Lee Edison Hansel reached life’s target on his own terms.
Archery, from the Latin word arcus, meaning bow, has been used for hunting and combat dating to 10,000 BC.
In the United States, the National Archery Association was created in 1879; archery has been an Olympic sport since 1972.
Lee Edison Hansel, Jr., of Mount Holly and, later, Charlotte, competed for the Gaston Archers Club and won the National Archery Association Intermediate Boys national championships at age 16, in 1962, and the Boys 15-18 age group National Archery Tournament in Oakbrook Park, Ill. He was second in the State Indoor Championships in Winston-Salem in 1963 and won the Southern Archery Association championship in a two-day tournament in Stone Mountain, Ga., in 1965.
His success in the sport makes Mr. Hansel, who passed away last October at age 78, a 2024 inductee in the Mount Holly Sports Hall of Fame.
He is the Hall’s only member to have won an individual national championship.
“Ed was brilliant,” says Eddie Wilson, secretary of the Hall of Fame, who remembers Mr. Hansel from childhood.
“He was voted Most Likely to Succeed in his class,” says Patsy Hansel, his sister. “He was the smartest one. When you grow up with someone, you don’t think of them as brilliant; they’re just your brother. He was certainly good at whatever he did.”
“Ed became a national champion and earned the highest award in Scouting, and set an excellent example for all with whom he came in contact,” says Patsy’s longtime friend Caroline Bailey. “He accomplished more in that brief time than many do in a lifetime. Everything he attempted in high school and as a young man, he was successful.”
Archery wasn’t prominent in high schools or college. Mr. Hansel learned through the Gaston club and Boy Scouts, known for their pursuit of developing life skills such as self-confidence, leadership, wilderness survival and personal responsibility.

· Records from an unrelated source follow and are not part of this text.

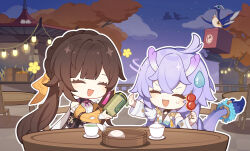 Rule 34 | 2girls, :d, architecture, bailu (honkai: star rail), bird, braid, brown hair, chair, chibi, chinese clothes, chinese commentary, closed mouth, cup, detached sleeves, dragon girl, dragon horns, dragon tail, east asian architecture, food, highres, holding, honkai: star rail, honkai (series), horns, long hair, multiple girls, night, official art, open hand, open mouth, outdoors, sitting, sky, smile, star (sky), stick, sushang (honkai: star rail), sweatdrop, tail, tree, twintails, upper body, yellow headwear, yellow sleeves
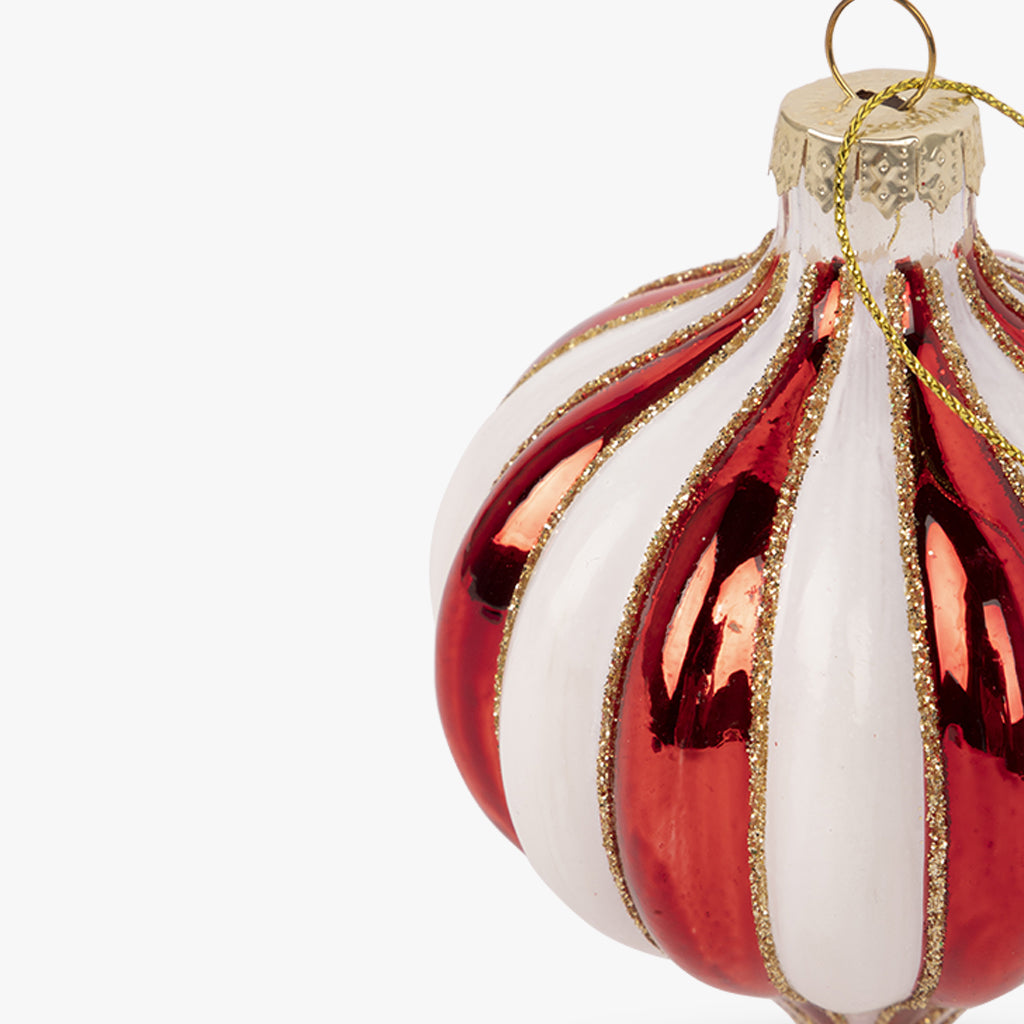 Bola de Vidro de Lágrima Vermelha e Branca KITSCH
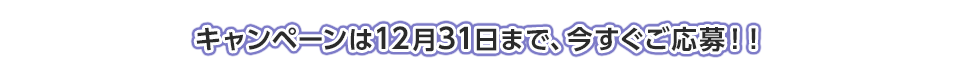 キャンペーンは12月31日まで、今すぐご応募！！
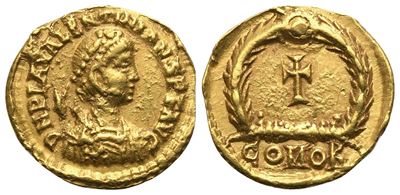 Valentiniano III, Tremissis (AV) con busto diademato e cornucopia, Mediolanum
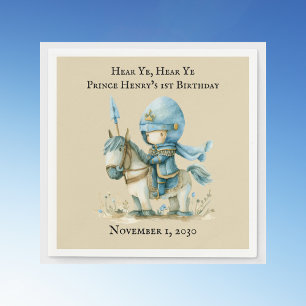 Hear Ye, Hear Ye Medieval Knight Boys 1st Birthday Napkin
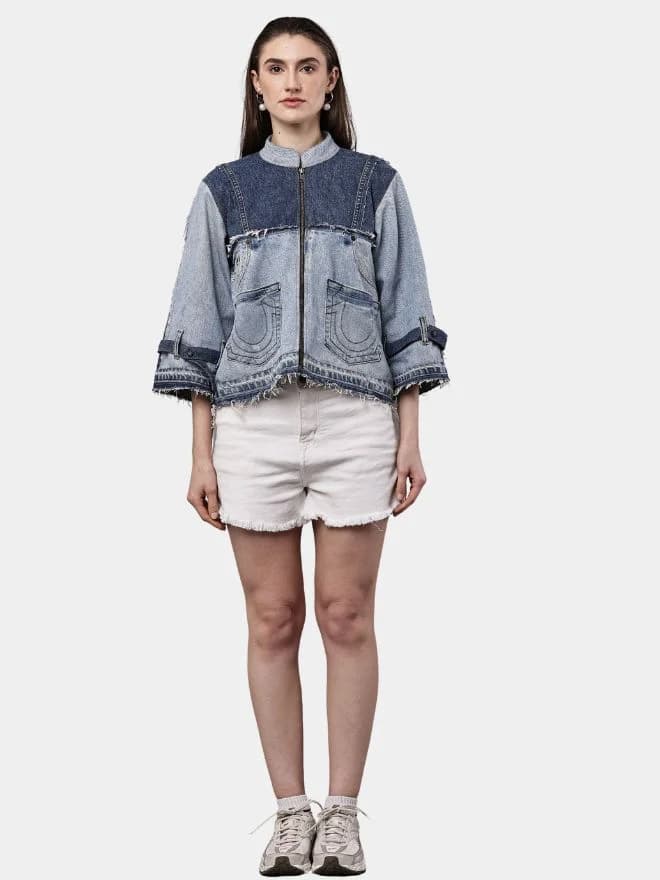 Two Tone Blue Reworked Denim Jacket with Utility Pockets thumbnail 3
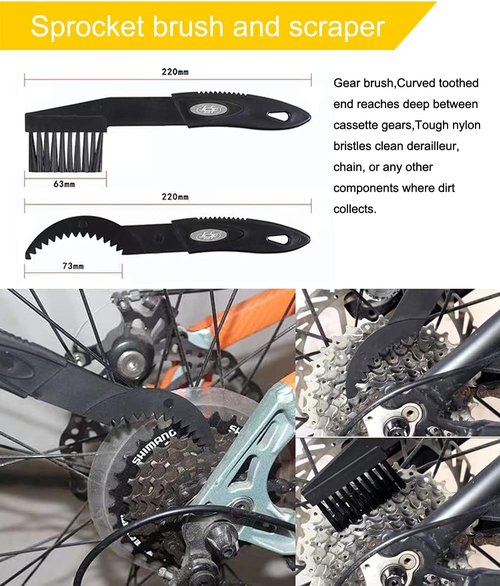 Bike Chain Lubricant Oil & Cleaner Set - 2oz Wet Lube & 19oz Degreaser with Scrubber Brush Tool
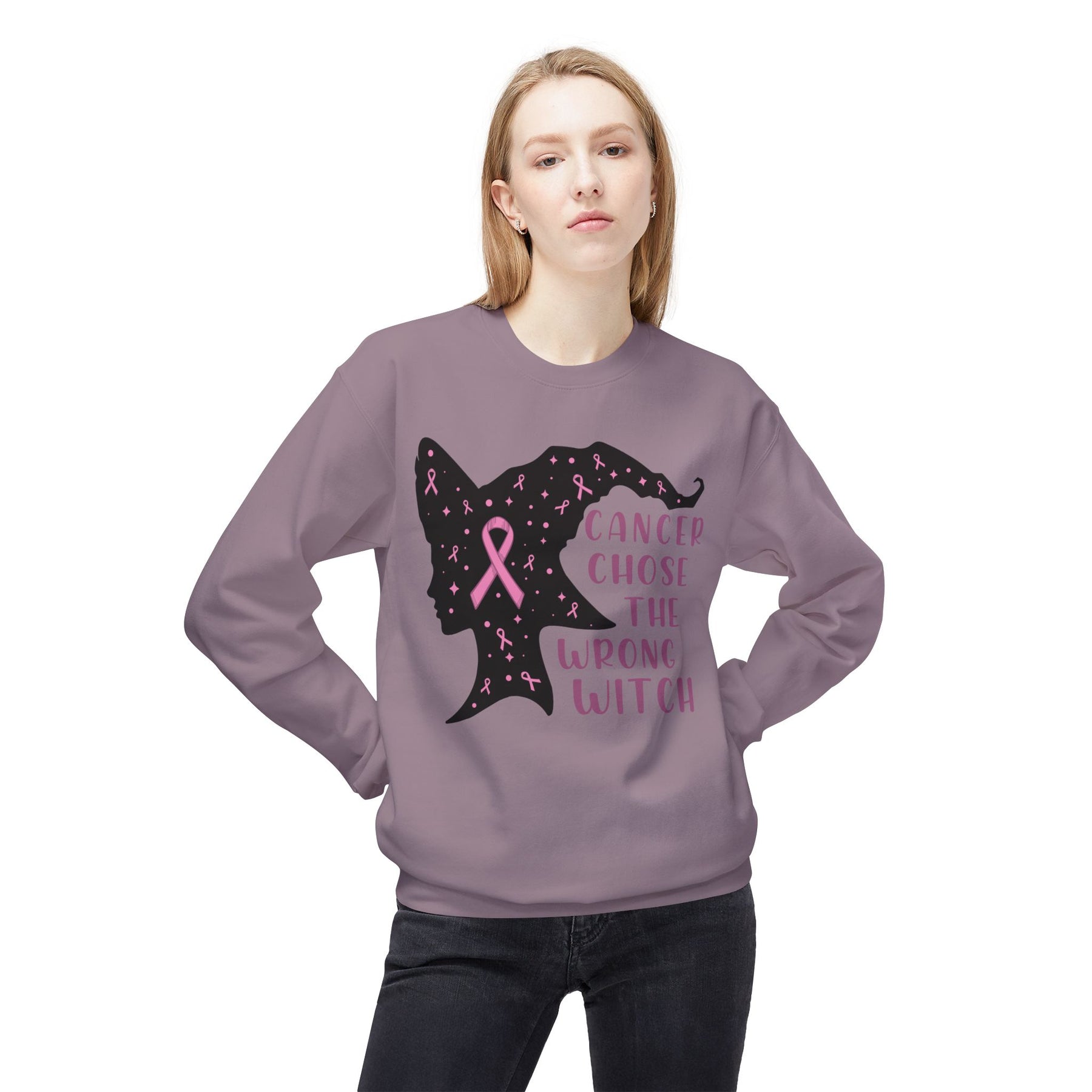 "Cancer Chose the Wrong Witch" Breast Cancer Awareness - Unisex Midweight Softstyle Fleece Crewneck Sweatshirt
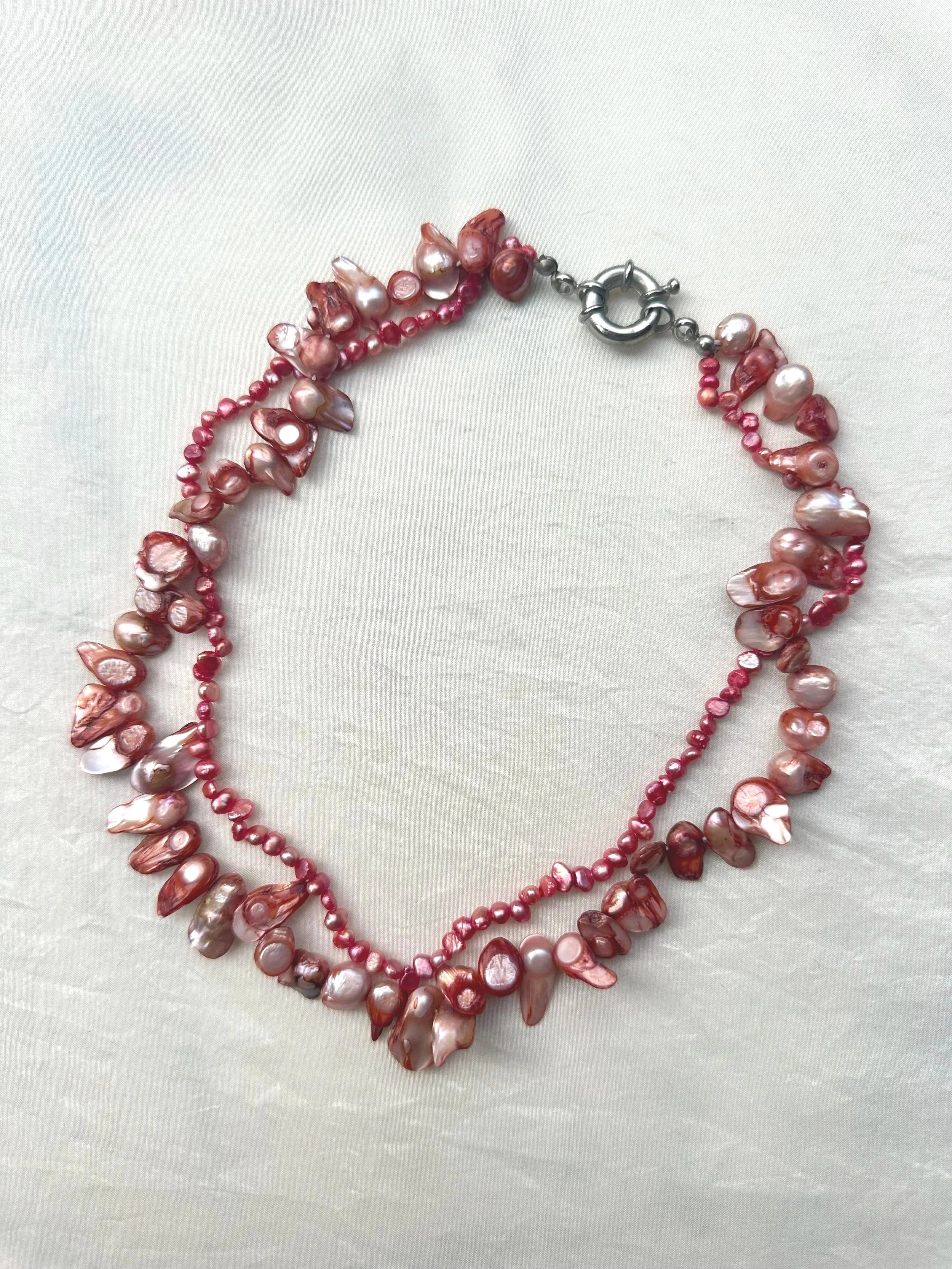Vintage pink baroque pearls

“He would go into the forest and shoot at targets, and Daddy bought some and they set them up,” Patsy says. “They had tournaments in different parts of the state, and when he won the (national championship) finals, he won that in New York.”
A story of strategy & focus
The “Working Scholars Archery Study Guide” describes the sport’s requirements and techniques:
First: Proper stance. Line up, so your feet are in a line toward the middle of the target.
Mr. Hansel stood ready to excel. He became an Eagle Scout at age 13. The 1963 Mount Holly High School yearbook has a list under his name: Graduated with honors; archery wiz; president of band; outdoorsman; bound to succeed; Beta Club; Junior Heart Board; French club; bus driver; Most Likely to Succeed and Most Talented.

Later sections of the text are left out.